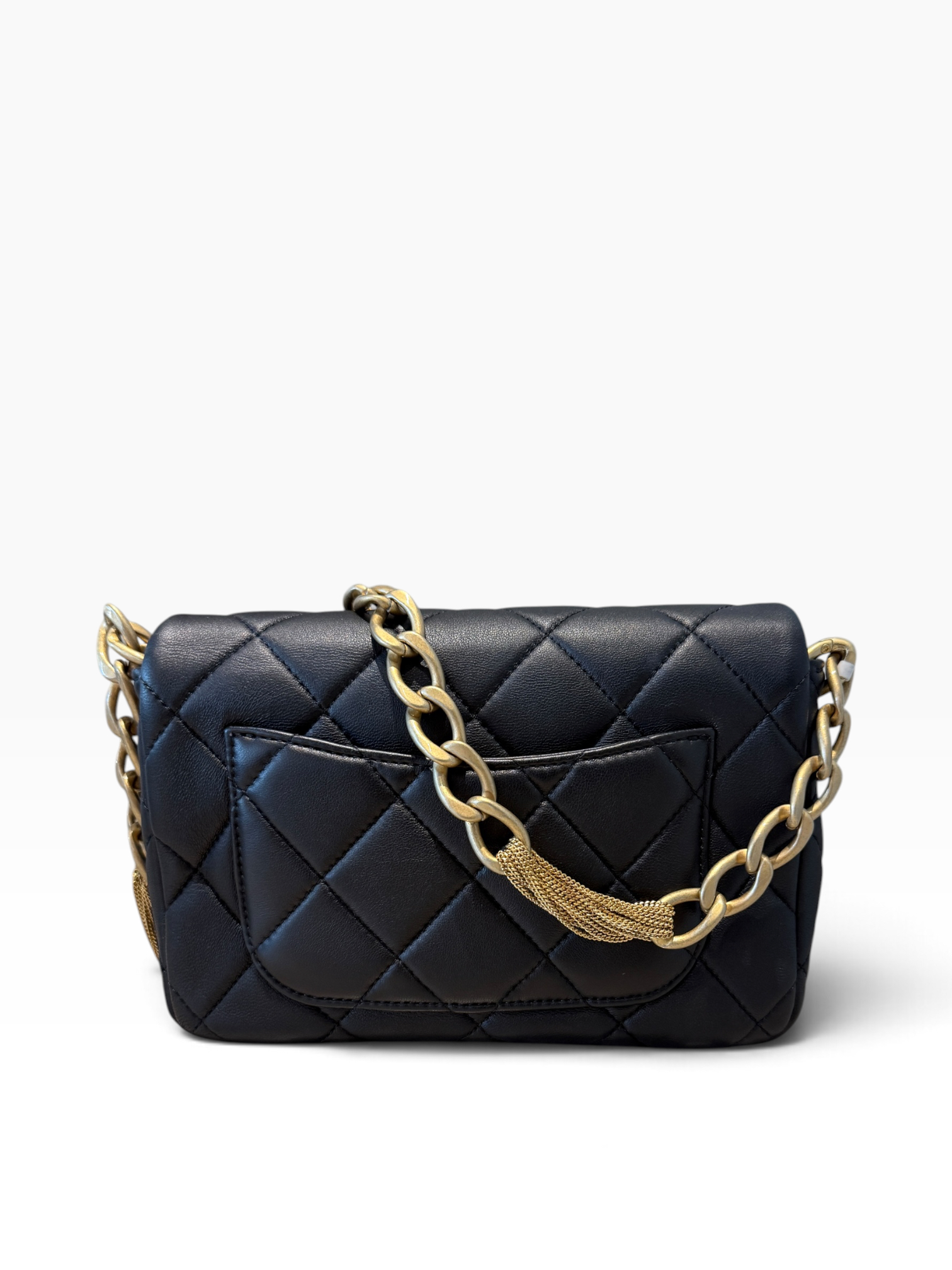 Pre owned chanel shoulder black P10121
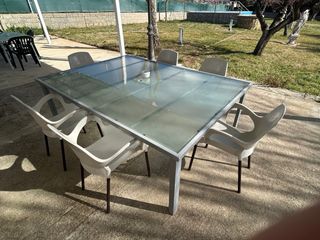 Gran mesa de jardin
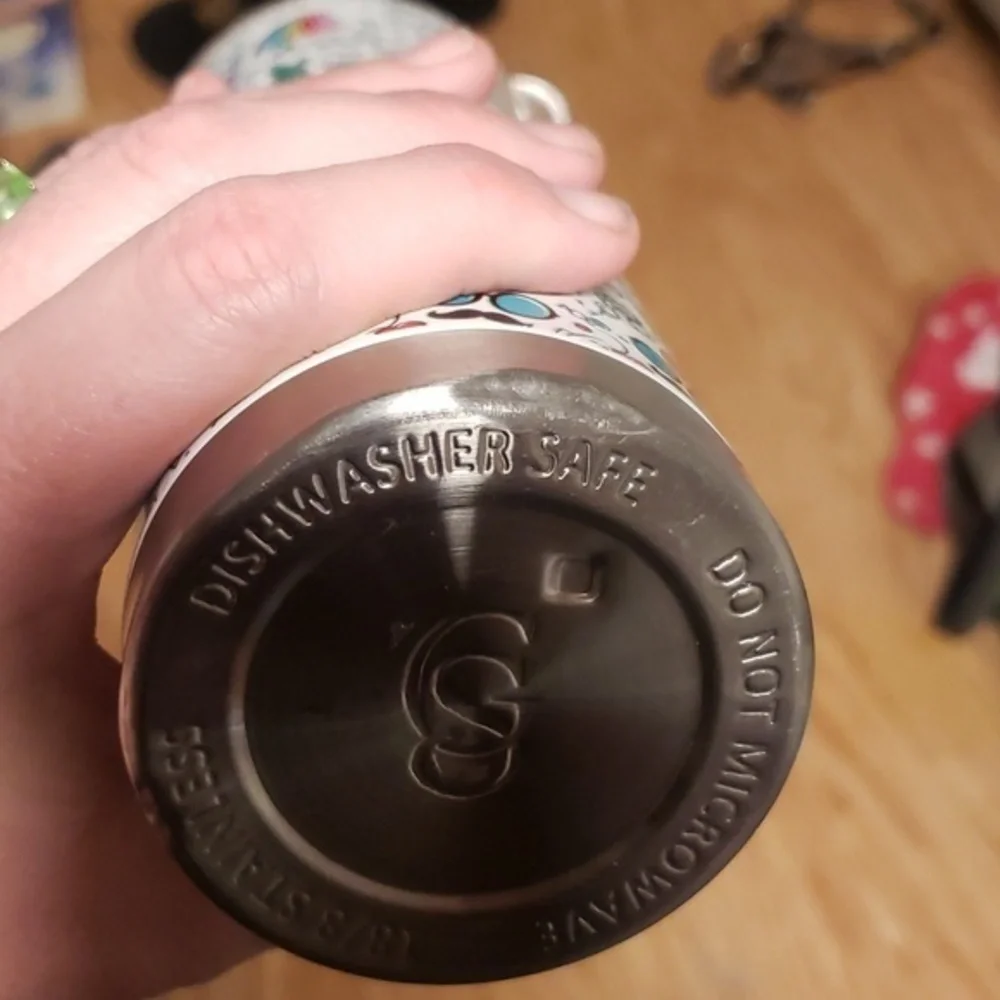 Metal tumbler cup‎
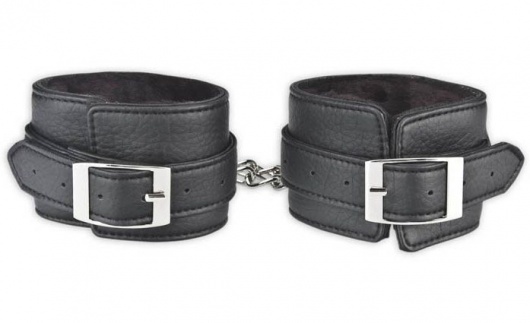 Черные фиксаторы для ног на цепи с мехом внутри - Lux Fetish - купить с доставкой в Челябинске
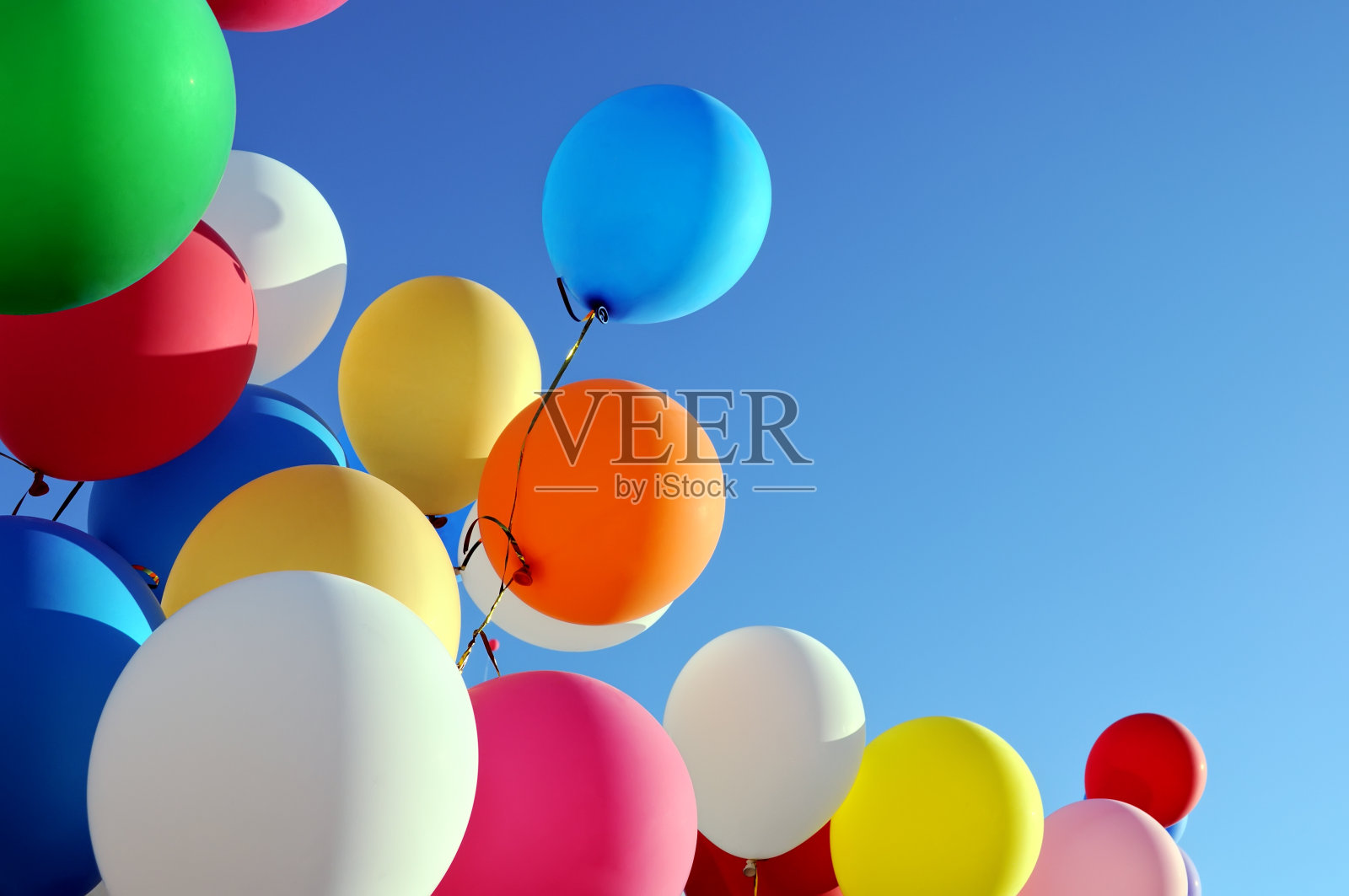 五颜六色的气球在城市节日照片摄影图片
::::::::::
◆ TASK INSTRUCTIONS:
Transcribe, word for word, the line holding "Gran mesa de jardin" and all lines after it in the entries above, ending with the last. Only those lines; no pictures.

◆ FINISHED TASK:
 Gran mesa de jardin
 Metal tumbler cup‎
 Черные фиксаторы для ног на цепи с мехом внутри - Lux Fetish - купить с доставкой в Челябинске
 五颜六色的气球在城市节日照片摄影图片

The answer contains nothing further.